It’s nearly impossible to get quick answers when it comes to aviation tax questions. Everybody seems to be afraid of providing “generic” tax information since it might not apply in all cases. So I’ll try to share what I’ve found. Keep in mind, I’m not a tax expert, so use this information with a grain of salt (and consult an aviation tax expert):
- If you plan to use your airplane mostly for business (> 50%), you can buy it in a wholly owned subsidiary for your business to maximize tax benefits. This new business would essentially be in the business of “renting” its only aircraft to you or your business.
- Once you have the airplane under the business, each hour the plane is used must be “rented” from your new entity. Generally, the rental is either by your business (for business use) or by you (for personal use). Your aviation tax expert can prepare the rental agreements and rates for you. In this arrangement, your new business would have a small amount of revenue.
- While airplanes are frequently financed on 20-year terms, they can be depreciated on a 5-year schedule and each depreciation dollar would essentially be an expense of this new entity.

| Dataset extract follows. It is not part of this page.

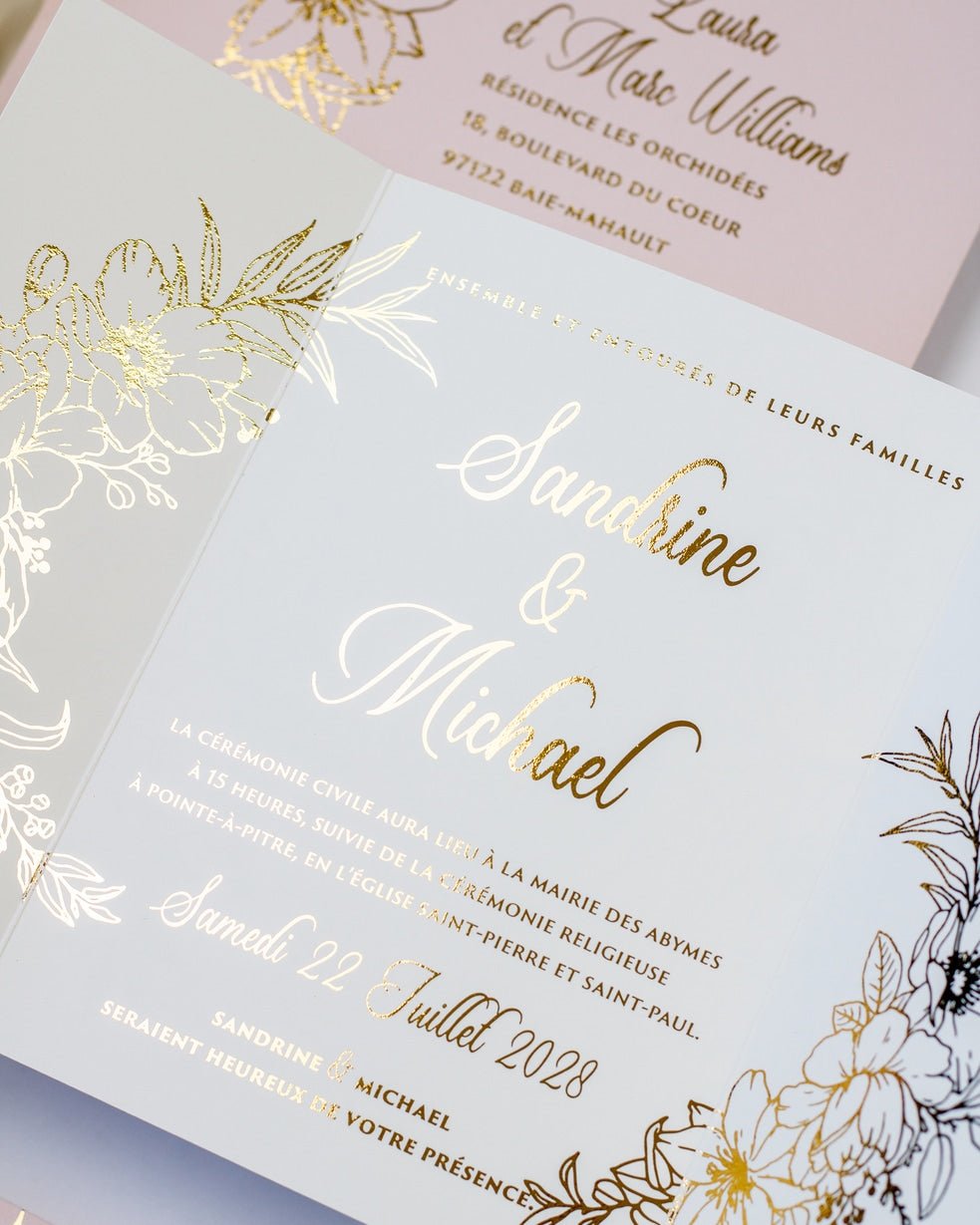 Kénia - Echantillon - Faire - part - Luxe Carterie Studio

- Additionally, the finance charges of the loan as well as maintenance costs of the plane are all expenses to the business entity.

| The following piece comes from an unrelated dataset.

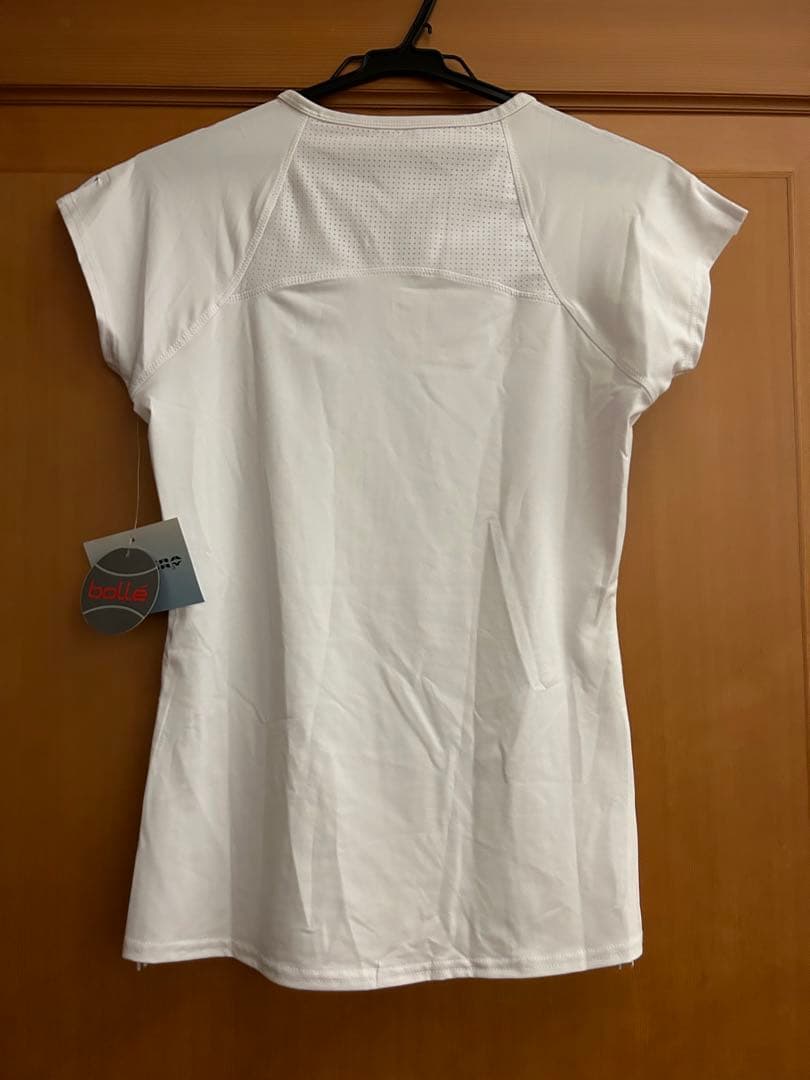 ボレー テニスウェア　白トップス　US-Sサイズ　新品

- The expected outcome is that the new entity would have a substantial operating loss (mostly due to depreciation in the first 5 years). Since these losses would negatively impact your income, you wouldn’t pay income taxes on the depreciation of the aircraft and other expenses (although you do pay taxes on the rental revenue, which is substantially less). Depending on your tax bracket and income, you could save X% of the purchase price of the airplane in a 5-year period, where X = [Your Top Tax Rate]. In some cases, this could be as high as 40%! That’s pretty incredible savings. In fact, if you finance your plane on a 20-year loan, and you are in the 40% tax bracket, it’s possible to be upside down in the first 5 years (meaning you save enough money on taxes to make all the payments and then some). After 5 years though, you’re on your own, so plan ahead for the following 15 years too. Nobody said this was going to be cheap! Also, keep in mind that if you don’t make more money than the depreciation expense of your plane, your tax benefit will be limited.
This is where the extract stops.